Но получается так, что какие-то вещи и довольно часто друг другу противоречат. Причем настолько, что вроде бы главная цель оказывается очень хрупкой и практически уже в близкой перспективе отметается как нереалистичная.
Например, мы говорим, что Россия стремится восстановить принципиально новые экономические отношения со странами Европы и Америки, создать совершенно иные, гораздо более благоприятные условия для экономического развития страны. Но при этом если каким-то образом будут задеты наши интересы в области противоракетной обороны, то тогда это все летит.
Хотя серьезные специалисты говорят, что даже при самом худшем варианте развития ситуации в области противоракетной обороны, потенциал сдерживания сохраняется, рано кричать "караул" и рано все сливать. Фактически получается, что слив будет довольно рано объявлен.
Если все-таки считать, что главной целью является модернизация, а главным ресурсом для модернизации страны организация экономического сотрудничества и развития, то внешняя политика становится поиском баланса между экономикой, собственно говоря, геополитикой и безопасностью. Этот баланс опять-таки не всегда получается удержать или установить.
То, что касается регионального лидерства в СНГ. На мой взгляд, это не должно противоречить основным постулатам российской внешней политики, направленных на помощь в модернизации. Но при этом такое лидерство не должно превращаться в поиски недостижимого нового варианта большой России, поиски доминирующего положения, поиски создания какого-то нового центра силы. Если есть готовность к лидерству, то такое лидерство должно реализовываться в экономической сфере, но это должно быть именно лидерство, а не начальствование, не доминирование с самого начала.
Михаил Соколов: Известный российский социолог Лев Гудков отметил, что сегодня очень важно, что Центр Карнеги и журнал Pro et Contra показывают альтернативу в табуированной области, например, как внешняя политика.
Лев Гудков: Достоинство этого журнала, мне кажется, именно то, что он предоставляет площадку для дискуссий. Общественное мнение, население полностью отдало сферу внешней политики власти и фактически в нем не участвует. Представление о внешней политике как геополитике или реальной политике – это представление 19 века, такая площадка для хищников, каждый со своими интересами, банка со скорпионами, где побеждает сильнейший. Поэтому появление хоть какой-то другой точки зрения на эту сферу, рассмотрение российских проблем в каком-то более широком международном контексте, не с точки зрения какого-то ведомства, МИДа и прочее, а именно в сфере проблем, будь то вестернизация, будь то модернизация, можно по-разному называть, но самое важное, что здесь разные ценностные основания.
И внесение других ценностных позиций в рассмотрение тех или иных проблем – образование, Кавказ, ислам, историческая память, Афганистан, Европа – каждый раз это менялось, но, тем не менее, внесение специфически новых позиций резко расширяло возможности для понимания и диалога.
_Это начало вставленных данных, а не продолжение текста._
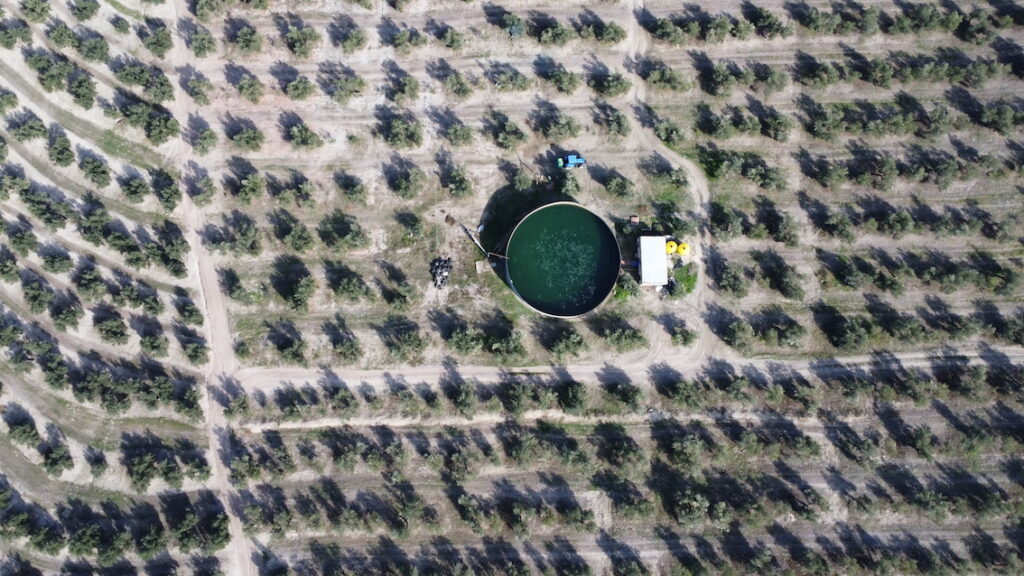 Venta de finca en la provincia de Jaén. 100 hectáreas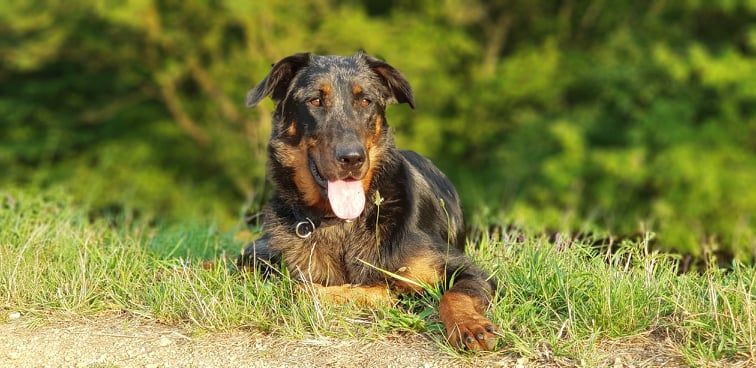 CH. Reve bleue des Bergers de l'Oiseau Jaune - Excellent 1, CAC,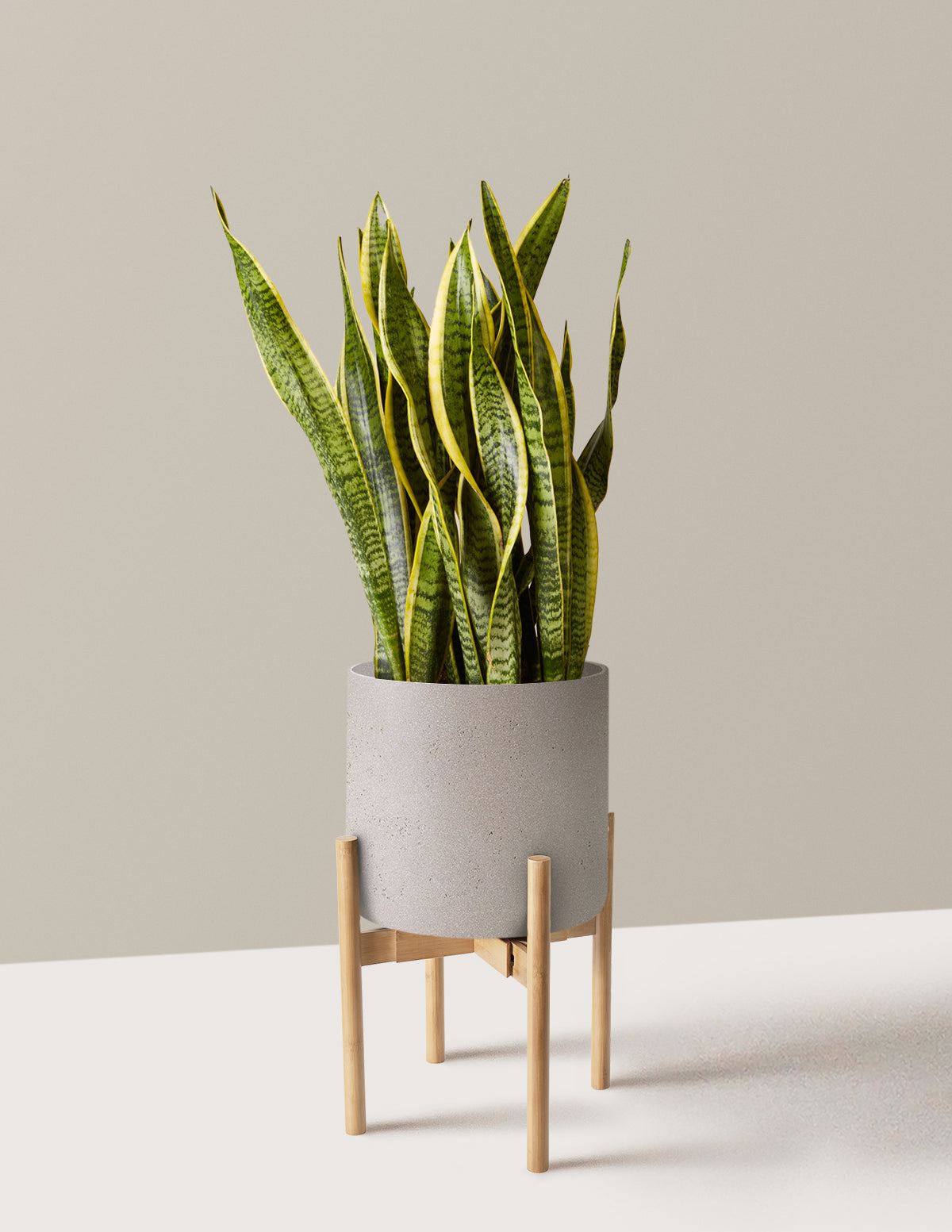 Змеиный завод Лаурентии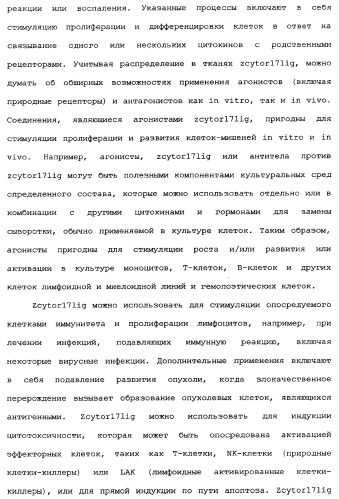 Новый лиганд рецептора цитокина zcytor17 (патент 2360923)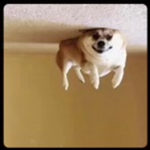 official dog fans group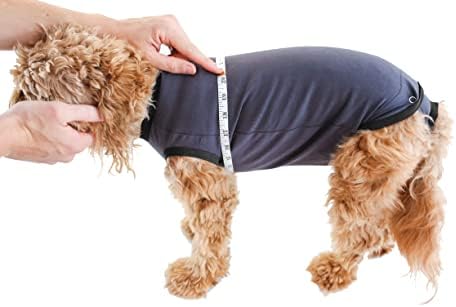 Bellyguard - Após a cirurgia, o macacão de recuperação de cães, pós -spay, neutro, traje para o corpo para cães masculinos e femininos,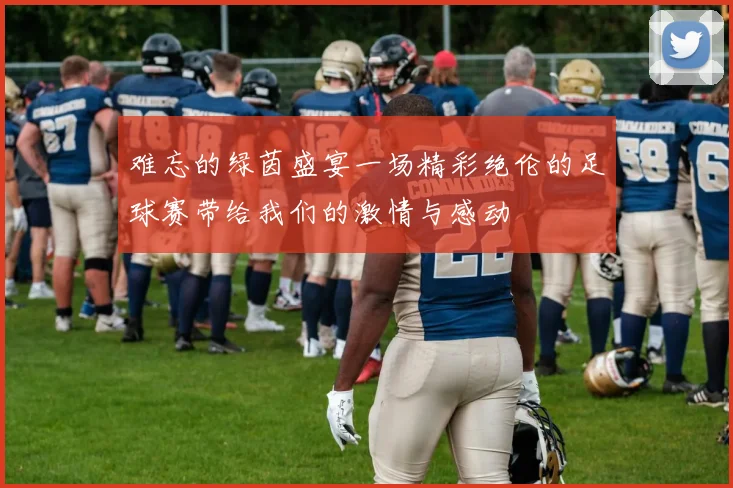 难忘的绿茵盛宴一场精彩绝伦的足球赛带给我们的激情与感动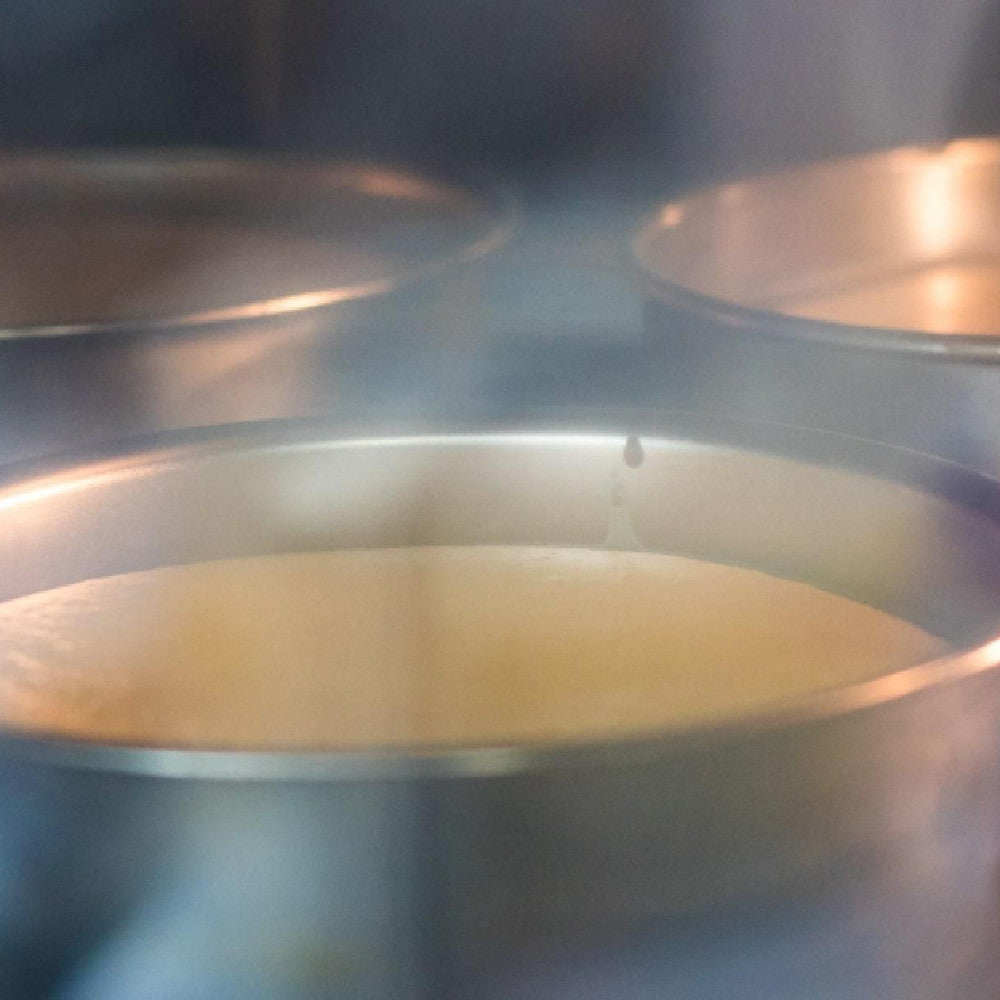 京都チーズケーキ専門店 ソラアオ　プレミアム　京都ブランドコラボ4種食べ比べ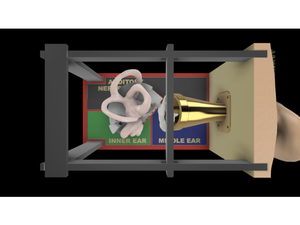 Educational Ear Structure Model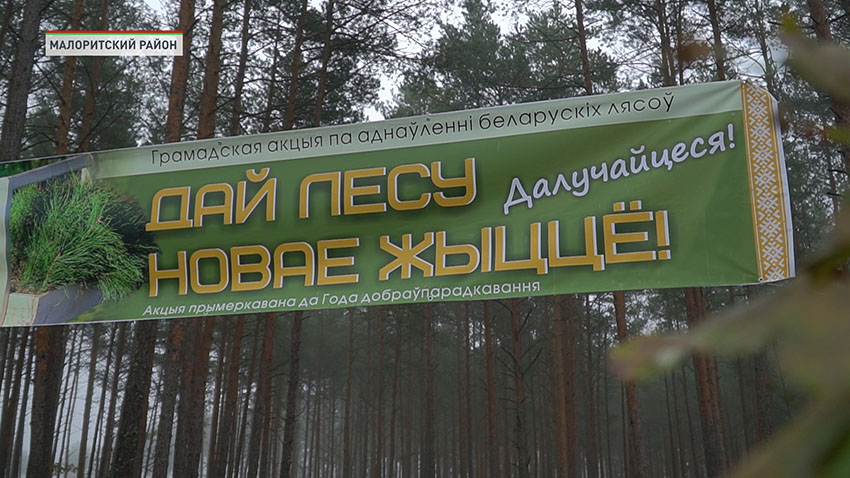 Акция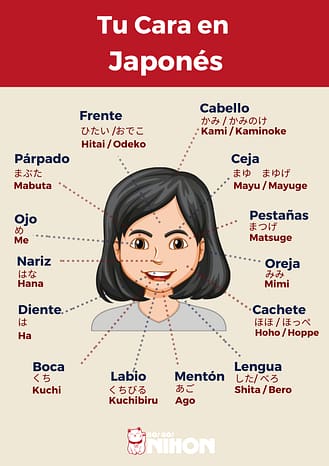 Aprende las diferentes partes de la cara en japon s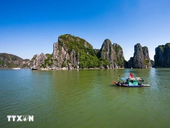 Hạ Long Bay - Cát Bà Archipelago recognised as World Geological Heritage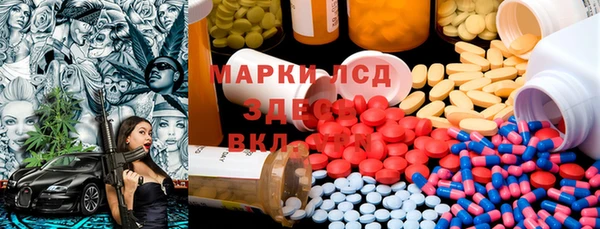 индика Кулебаки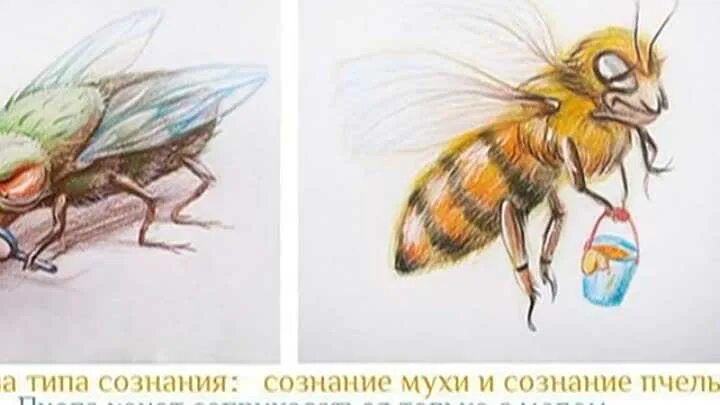 Муха и пчела. Сознание пчелы. Взгляд мухи и пчелы. Муха и пчела взгляд на мир.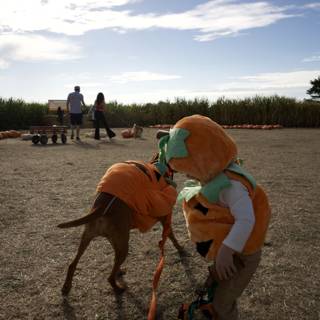 Pumpkin Pals: A Toddler and his Canine Companion at Halfmoon Bay
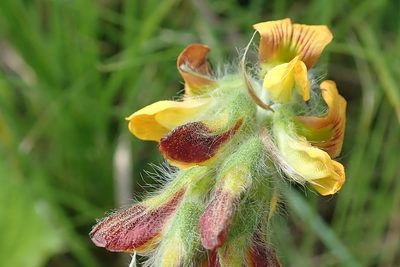 Eriosema salignum, photographed by Peter Warren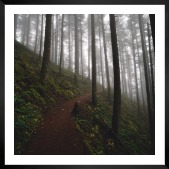 Gallery wall with picture frame in black in size 50x50 with print "Forest road"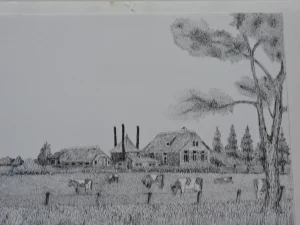 Farm With Cows Pen Drawing 30-40 CM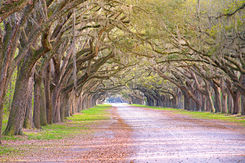Charleston, SC and Savannah, GA Travel Photography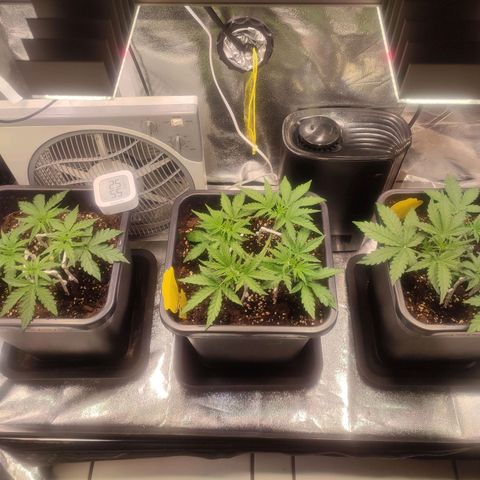 Apple Fritter Automatic growlog timeline photo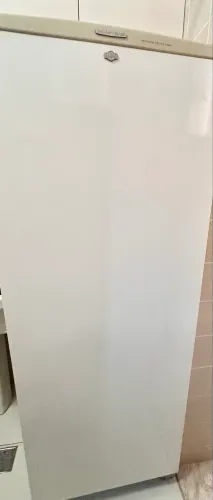 Freezer Brastemp Frost Free Clean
Это, мне кажется, безусловное достоинство журнала и всего Центра Карнеги.
Это позиция журнала, это позиция открытого общества, диалога и взаимопонимания.
Михаил Соколов: Центр Карнеги и журнал Pro et Contra пытаются сформулировать то, что не делает официоз, – западническую модель поведения правящей элиты. А она идет в другом направлении. Тем хуже для нее и тем хуже для России.